● WORK REQUEST
Return exactly the span of lines in the following data that opens with the line containing "Mobile Screenshot of" and closes with the line containing "Zegna faded-effect crew-neck". Include nothing else.
=== PROVIDED INFORMATION ===
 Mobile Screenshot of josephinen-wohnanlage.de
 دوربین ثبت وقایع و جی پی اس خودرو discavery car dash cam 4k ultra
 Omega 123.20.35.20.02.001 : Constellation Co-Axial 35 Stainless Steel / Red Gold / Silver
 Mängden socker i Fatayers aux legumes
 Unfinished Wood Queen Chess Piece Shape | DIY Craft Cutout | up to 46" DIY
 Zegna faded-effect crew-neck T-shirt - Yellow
===
=== PROVIDED INFORMATION ===
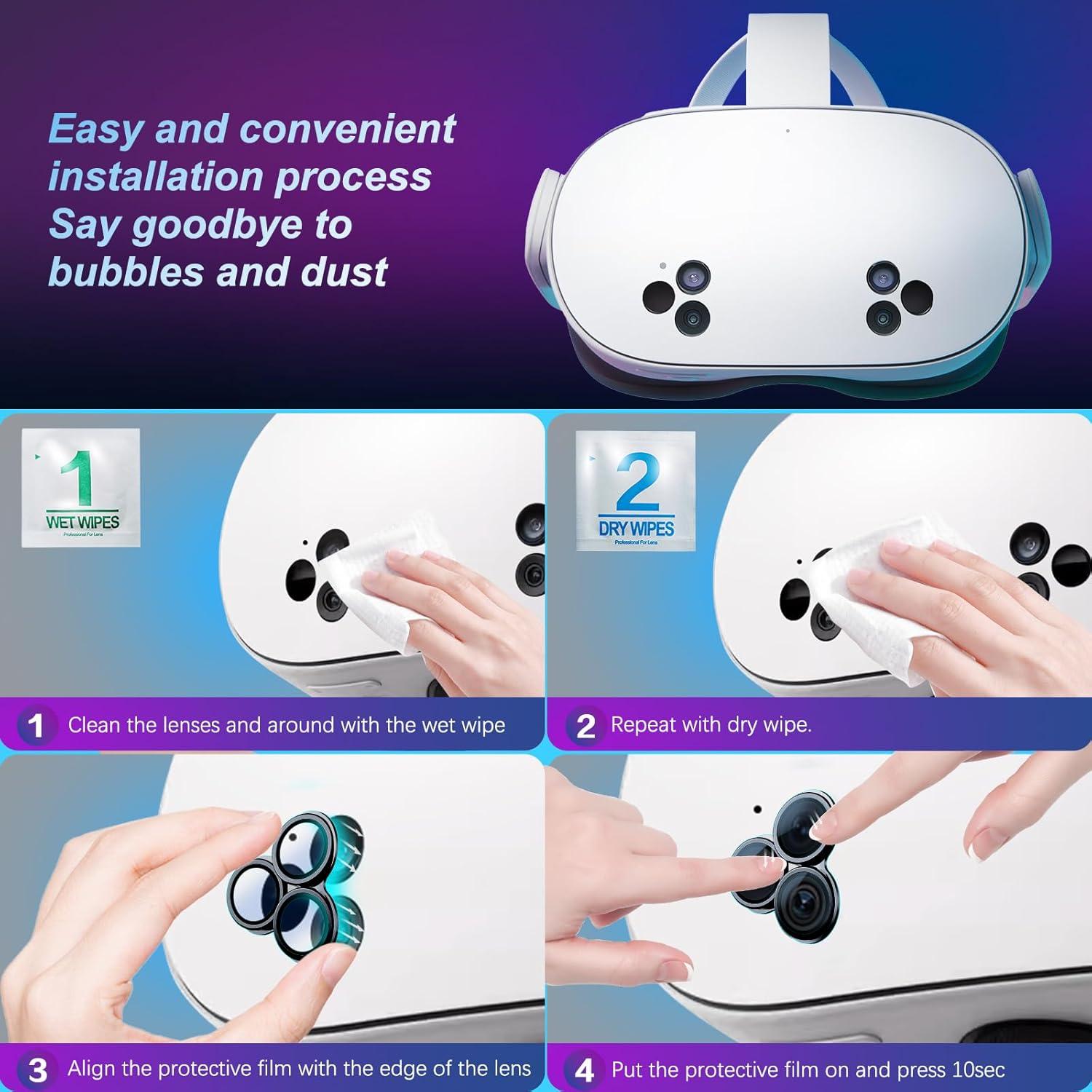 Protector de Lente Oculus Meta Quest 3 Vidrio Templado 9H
===
=== PROVIDED INFORMATION ===
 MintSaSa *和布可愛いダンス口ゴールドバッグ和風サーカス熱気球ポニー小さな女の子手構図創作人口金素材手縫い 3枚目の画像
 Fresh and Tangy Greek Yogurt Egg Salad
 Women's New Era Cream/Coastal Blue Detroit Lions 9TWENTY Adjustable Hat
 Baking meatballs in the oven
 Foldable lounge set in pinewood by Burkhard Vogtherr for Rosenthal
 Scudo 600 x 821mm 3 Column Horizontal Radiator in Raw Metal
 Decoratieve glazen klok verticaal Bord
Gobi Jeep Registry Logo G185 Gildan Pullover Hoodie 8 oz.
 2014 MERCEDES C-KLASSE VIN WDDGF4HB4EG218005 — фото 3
===
● EXERCISE ANSWER
 Mobile Screenshot of josephinen-wohnanlage.de
 دوربین ثبت وقایع و جی پی اس خودرو discavery car dash cam 4k ultra
 Omega 123.20.35.20.02.001 : Constellation Co-Axial 35 Stainless Steel / Red Gold / Silver
 Mängden socker i Fatayers aux legumes
 Unfinished Wood Queen Chess Piece Shape | DIY Craft Cutout | up to 46" DIY
 Zegna faded-effect crew-neck T-shirt - Yellow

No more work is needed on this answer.